Total of 100 Marks
research代写 his is a research-led project that is working off very recent research papers so I encourage you to start this project as
This is a research-led project that is working off very recent research papers so I encourage you to start this project as soon as possible for a number of reasons: (1) To ensure you are not caught by a large amount of work at the end of the semester; (2) To spot any issues in the project and inform me (typos, difficulties, etc) so that I can adjust the project accordingly. If you spot something that seems incorrect or unclear, please check the ‘Last updated’ date at the bottom of this page to ensure you have the latest version and inform me of the typo, unclear question, etc. so I can fix it (if it has not already been fixed).research代写
Sample correlation matrices
Question 1 [50 marks]research代写
Let x1,. .. , xn be a sequence of independent random vectors from a p-dimensional normal distri- bution Np(µ, ⌃) with mean vector µ and p ⇥ p covariance matrix ⌃ = (oij ). The corresponding (population) correlation matrix Rn = (rij ) is defined by
for all 1 i 6= j p. Given a random sample x1,. .., xn, we construct the n ⇥ p data matrix X = (xij ) = (x1,. .., xn)0 then the Pearson correlation coefficient betweeen (x1i,. .., xni )0 and (x1j,. .., xnj )0 is given by
where .The sample correlation matrix is defined as Rˆn := (rˆij ). From a data analysis point-of-view, the advantage of working with sample correlation matrices (instead of sample covariance matrices) is that they are invariant under scaling and shifting. Over the last 15 years a number of interesting results have been obtained about sample correlation matrices Rˆn in the high–dimensional regime where p, n →∞ such that p/n → y < ∞. These results are mostly in the case where the (population) correlation matrix Rn = I.research代写
(a)Showthat (in the case Rn = I) the limiting spectral distribution of the eigenvalues of Rˆn is Marcenko-Pastur. How do p and n relate to the parameters of this distribution?[5]
(b)Showthat (in the case Rn = I) the largest entry of Rˆn given by research代写
satisfies
and the limiting cumulative distribution function is
P (nL2 – 4 log n + log(log n) y ) ! e–Ke–y/2
as n ! 1. What is the parameter K equal to?
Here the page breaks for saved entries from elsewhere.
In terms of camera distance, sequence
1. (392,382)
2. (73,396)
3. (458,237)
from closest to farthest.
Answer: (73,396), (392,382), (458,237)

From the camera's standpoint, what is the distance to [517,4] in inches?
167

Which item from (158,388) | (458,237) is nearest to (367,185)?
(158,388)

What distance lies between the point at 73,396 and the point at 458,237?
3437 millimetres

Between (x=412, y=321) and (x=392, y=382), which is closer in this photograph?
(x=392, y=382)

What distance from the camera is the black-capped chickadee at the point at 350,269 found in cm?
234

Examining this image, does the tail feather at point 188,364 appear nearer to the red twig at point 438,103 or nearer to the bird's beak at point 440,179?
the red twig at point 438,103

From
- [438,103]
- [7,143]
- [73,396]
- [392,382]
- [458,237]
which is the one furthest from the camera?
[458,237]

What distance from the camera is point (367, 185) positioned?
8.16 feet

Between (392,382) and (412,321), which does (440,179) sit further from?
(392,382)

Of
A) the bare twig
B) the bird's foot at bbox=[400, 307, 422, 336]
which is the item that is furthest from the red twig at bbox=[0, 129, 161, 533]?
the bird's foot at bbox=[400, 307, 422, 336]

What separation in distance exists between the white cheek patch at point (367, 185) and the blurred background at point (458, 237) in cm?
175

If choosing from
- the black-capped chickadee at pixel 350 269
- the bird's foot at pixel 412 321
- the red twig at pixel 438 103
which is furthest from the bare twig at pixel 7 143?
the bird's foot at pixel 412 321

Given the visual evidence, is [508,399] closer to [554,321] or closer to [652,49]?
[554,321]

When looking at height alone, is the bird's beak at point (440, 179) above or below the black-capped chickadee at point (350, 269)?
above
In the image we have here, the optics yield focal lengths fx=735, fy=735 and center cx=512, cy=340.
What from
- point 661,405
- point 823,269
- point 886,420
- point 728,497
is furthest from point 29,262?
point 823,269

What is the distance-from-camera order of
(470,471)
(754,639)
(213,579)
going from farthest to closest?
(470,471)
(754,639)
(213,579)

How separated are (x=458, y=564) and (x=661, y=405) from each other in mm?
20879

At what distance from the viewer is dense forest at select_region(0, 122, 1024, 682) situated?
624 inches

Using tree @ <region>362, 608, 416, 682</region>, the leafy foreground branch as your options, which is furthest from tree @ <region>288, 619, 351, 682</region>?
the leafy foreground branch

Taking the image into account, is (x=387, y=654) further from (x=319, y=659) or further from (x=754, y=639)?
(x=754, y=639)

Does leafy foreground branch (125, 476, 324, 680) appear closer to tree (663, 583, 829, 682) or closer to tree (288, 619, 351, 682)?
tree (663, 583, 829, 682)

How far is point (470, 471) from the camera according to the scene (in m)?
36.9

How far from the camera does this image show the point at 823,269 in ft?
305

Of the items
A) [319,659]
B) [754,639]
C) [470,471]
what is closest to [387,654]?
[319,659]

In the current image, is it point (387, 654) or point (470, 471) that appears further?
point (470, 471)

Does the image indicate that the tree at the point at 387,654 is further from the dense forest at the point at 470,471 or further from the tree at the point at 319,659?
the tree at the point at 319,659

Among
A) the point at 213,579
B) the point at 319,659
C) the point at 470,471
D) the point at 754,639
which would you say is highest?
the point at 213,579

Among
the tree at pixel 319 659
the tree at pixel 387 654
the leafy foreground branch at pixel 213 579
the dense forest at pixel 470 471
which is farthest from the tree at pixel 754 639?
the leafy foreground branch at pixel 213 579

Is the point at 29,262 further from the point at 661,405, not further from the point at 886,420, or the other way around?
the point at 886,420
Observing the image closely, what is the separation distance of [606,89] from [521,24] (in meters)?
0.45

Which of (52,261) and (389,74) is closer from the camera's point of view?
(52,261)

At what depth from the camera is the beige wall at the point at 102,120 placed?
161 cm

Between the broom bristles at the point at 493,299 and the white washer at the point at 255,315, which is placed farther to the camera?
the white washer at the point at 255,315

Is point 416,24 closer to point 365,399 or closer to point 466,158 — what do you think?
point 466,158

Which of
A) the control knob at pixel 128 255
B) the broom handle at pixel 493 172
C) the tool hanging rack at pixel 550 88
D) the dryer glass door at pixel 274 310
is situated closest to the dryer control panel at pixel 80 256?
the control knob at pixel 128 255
See [I].[5] research代写
(c)Showthat (in the case Rn = I) the largest eigenvalue of Rˆn satisfies the Tracy-Widom law; see [G].
(d)Showthat (in the case Rn = I) the quantity log |Rˆn| satisfies a CLT; see [E] and [D]. Check what happens to the CLT when Rn has an AR1 structure.research代写
(e)Showthat the quantity log |Rˆn| satisfies the CLT from [A] in the following cases: (i) Rn = I;(ii) Rn has a compound symmetry structure (all entries of Rn are equal to ↵ 2 [0, 1/2) except the diagonal which contains 1’s) and do this using the result of Corollary 1 of [A]; (iii) Rn has an AR1 structure; (iv) Rn is a banded correlation matrix.
(f)In the context of hypothesis testing: (i) explain why it is good to understand the power of the test; (ii) give an counterexample of what could go wrong if you don’t consider the power; (iii) using your counterexample and a simulation study to show why the results of [A] are useful.research代写
In the above questions (a)-(e): (i) assume that we are in the high-dimensional regime; (ii) ensure that you check the result for at least at three different values of yn = p/n; (iii) answers can be argued through appropriate simulation studies and plots.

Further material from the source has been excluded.